We are all moved into our little cabin in the woods. Well, at least there were woods on the other side of the street at one point. Construction happening, no clue whats going on other than they are ripping out trees left and right which ensures that I have only sporadic internet service. And I saw some deer crossing the street. Excitement.
Ya know whats more annoying than the woodpecker that has a taste for our log cabin wood exterior? Having IBS. Not only having IBS but having the "C" variety (ok, si I feel a bit weird typing the "constipation" word) only, I just did so now the can is opened- might as well run with it.
I live constipated. There, I said it again! My 'No Poo' record is 5 weeks. Jealous? Anyone? No? Ok, can't say I blame ya. Usually it isn't so bad, I adverage a poo once every two or three weeks. I can live with that, except I don't think its helping with my Get Skinny campaign.
I also have several scientific methods for making myself feel the movement, if you catch my drift. I should totally apply for a patent- or a job at a drug factory so I can get some mulah for thoughts. Until then I will share my knowledge with my small group of friends known as the Entire Internet.

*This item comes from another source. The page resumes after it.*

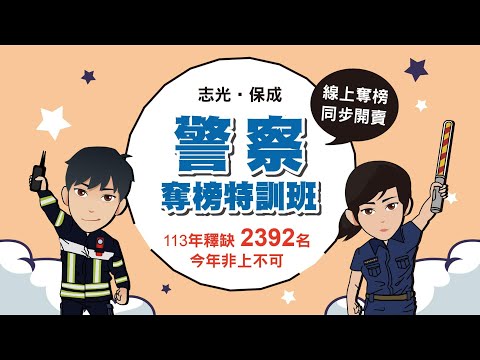 2024 一般警察特考｜奪榜特訓班介紹｜考取學長姐推薦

When I get desperate there is a little known remedy that almost always works! Its called the PURFUME department at any major retailer. Something about the mix of floral - musky- old lady- fruity smell combination almost always sends me running for the potty. Thats right people, no perscription needed, no added fiber snacks, no "I used an entire bottle of benifiber and still nothing," no pills, juice drinks, or tummy massage. Simply walk and sniff.
This is vital knowledge Internet. Now you so called "Normal Poopers" can fix your irregularities without having to eat yogurt for two weeks. I'm gonna sign off knowing that I have imparted knowledge to the little people. I have improved the world, cause lets face it: If Momma B-Dub ain't regular- ain't no one happy.